小一時間で仕込める5号玉を次々と仕込む新堀さんの傍らで、「同じ作業のくり返しに飽きることはありませんか」と聞いてみたとき彼は、「同じ作業だけど同じ作業だと思わない」と即答した。「もっと良くやろうと思ったり、もっと早くこなせるようにと思ったり、同じじゃないんです」。

やりたいことやってお金をもらっているので本当に幸せですと新堀さんははにかむ。「のびのびやってるのを見てるから家族も喜んでると思います、今はね」と笑った。

スーツに未練はない

何となく大学には行きたかった。何かの役に立つかと経営情報学部に入った。卒業後、某市の外郭団体である観光協会に就職した。理由は、実家に近いことと、堅い仕事で安定していること。実際に働いてみると、観光イベントに従事し多くの人が喜ぶ顔を見るのはうれしいことだったが、目的意識を持たないまま就職したせいか、ビッグイベントがあると1ヶ月も2ヶ月も休みがなくなる生活につらさを感じたりするようになった。「このままでいいのかな。何か物足りない ‥‥‥ 」。そう思ったのがきっかけだった。

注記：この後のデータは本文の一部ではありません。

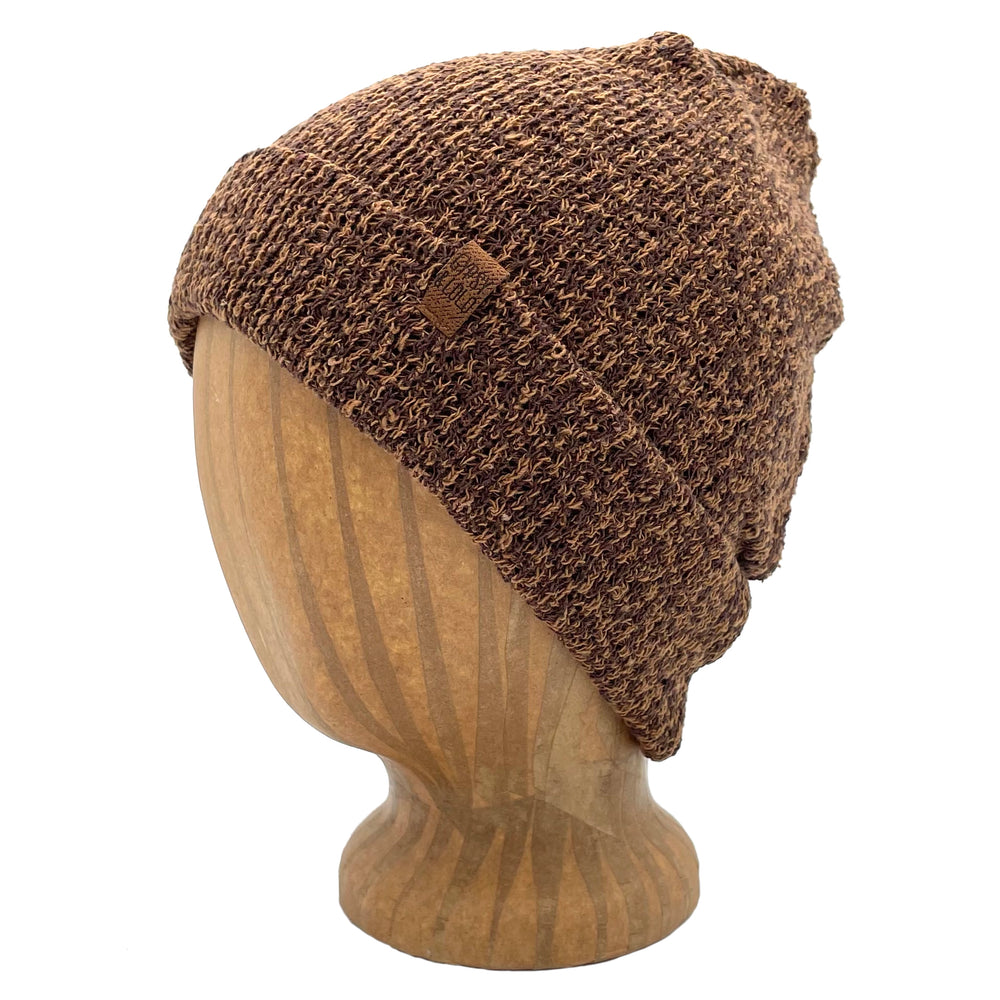 UP Beanie in Caramel color – worn on wooden head block.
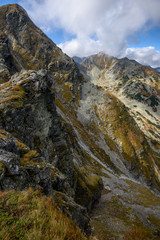 Tatra mountain peaks with tourist hiking trails in sunny summer day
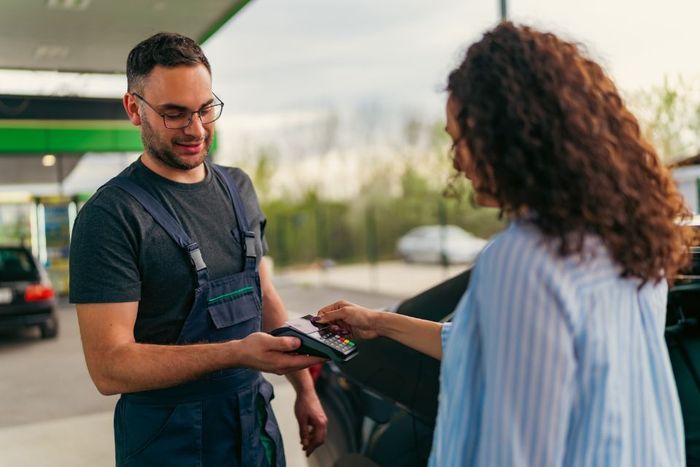 Frau bezahlt mit Karte an einer Tankstelle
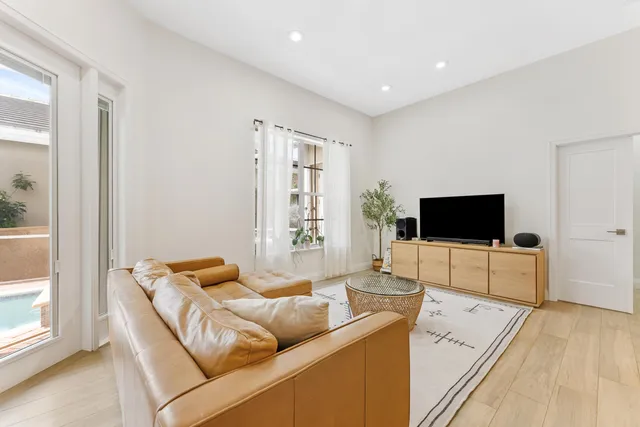 a kitchen with granite countertop a stove top oven sink and cabinets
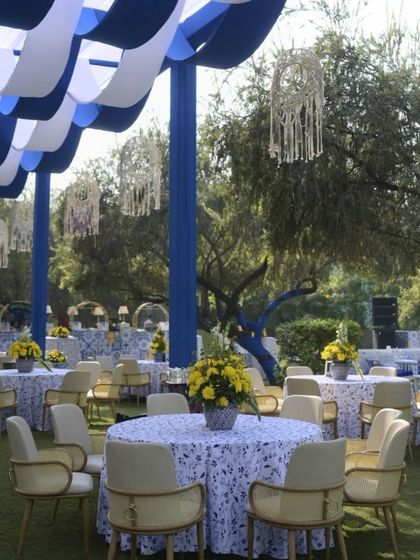 A Mediterranean-inspired haldi setup with blue and white drapes. The round tables with printed tablecloths and yellow floral centerpieces create a fresh and cheerful ambiance.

一方、夏の花火大会で毎年接触のあった野村花火の仕事ぶりには以前から魅力を感じていた。ものすごい音、光。その中で半纏姿で立ち働く男たちをカッコイイと思っていた。自分も作ってみたい、上げてみたい。花火は素晴らしい。しかも、野村花火は大きな賞をいくつも手にする実力ある会社だった。やるならこういうところで技術を磨きたいと思える一流の会社だった。迷いはなかったという。近くにこんな会社があってラッキー、そう思って社長に会いに行ったら、「華やかに見えるが、普段は地味だぞ」と言われた。しかし普段の仕事が地味であることは想像がついていた。体を動かす仕事をしたいと思ったしもともと手作業も好きだった。8年の事務職を経て、もうスーツに未練はなかった。

反対したのは家族だった。両親には「市がなくならない限り今の仕事はあるのに」と言われた。1歳の子を抱えた妻は「なぜ危ない仕事を」と反対した。数ヶ月をかけて「熱い思いを」語った。今、理解してくれるようになった家族は大会にも足を運んでくれるようになり、4歳になった息子からは、「花火ってどうやって作るの?」と聞かれるようになった。

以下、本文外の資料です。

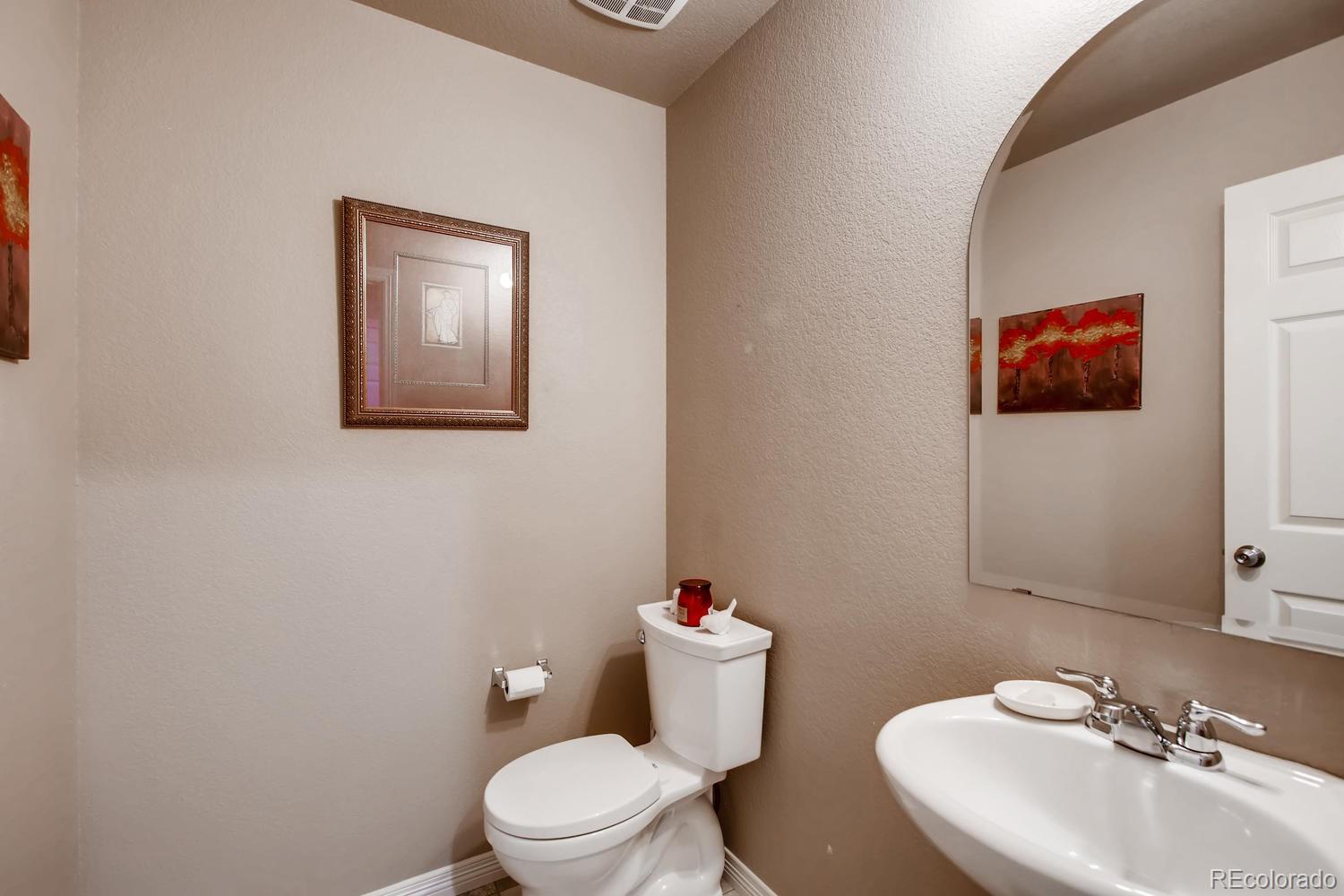 2184 Reed Grass Way Colorado Springs, CO 80915 - Photo 13 of 29 a bathroom with a toilet a sink and mirror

「タオル首に巻いて汗かいて、ホント、気持ちいいですよ。冬も、電気は厳禁なので暖房もなく、氷点下の部屋で手足にしもやけができる。季節を肌身に感じます。エアコンの中で働いていた頃とはガラッと変わった。それが自然だし体にもいいでしょ?」。天気のいい日に星かけすると全身まっくろ。風呂でお湯をかけると頭から黒い水が滴る。「正直、こんなに汚れるのかとびっくりしました」と笑いながら、でも汚れは風呂に入れば済むことだしと屈託ない。妻からは「どうやったらそんなに汚れるの」とあきれられ、自分専用の洗濯機も設置された。しかも外に。

1年間、地味にコツコツとまっくろになりながら過ごして、夏、一気に「うっぷんを晴らす」。花火大会当日は、6時7時に出社し、終了の夜中 11 時 12 時まで一瞬たりとも気が抜けない。「家に帰って寝ようと思っても疲れすぎて寝られない」。そのくらいエネルギーを注ぎ込む。でも、「一番元気の出るとき」。観客の歓声を聞くと感激する。日本独特の、多色に幾重にも輪が重なる美しい多重芯(たえしん)の菊型花火が野村花火の得意とするところだ。

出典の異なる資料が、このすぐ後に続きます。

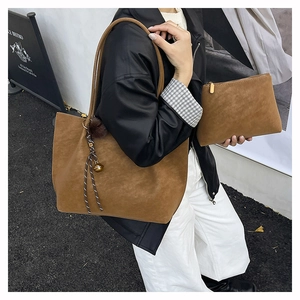 Close-up of brown matte tote bag and matching pouch worn by model in street scene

8時起床8時半出勤の生活から、今は5時半に起き7時半に会社に入る生活になったがまったく苦にならない。天職だと思いますかと聞くと、まだそこまでは言えないが長く続けたいと思うと言う。まだやったことのない仕事も多いので、まず一通りの仕事ができるようになりたい。ゆくゆくは多重芯のなかでも現在最高の五重芯まで仕込みたい。そして将来は一流の花火師になりたい。ここで一流になれば全国的にも注目される花火師なのだから。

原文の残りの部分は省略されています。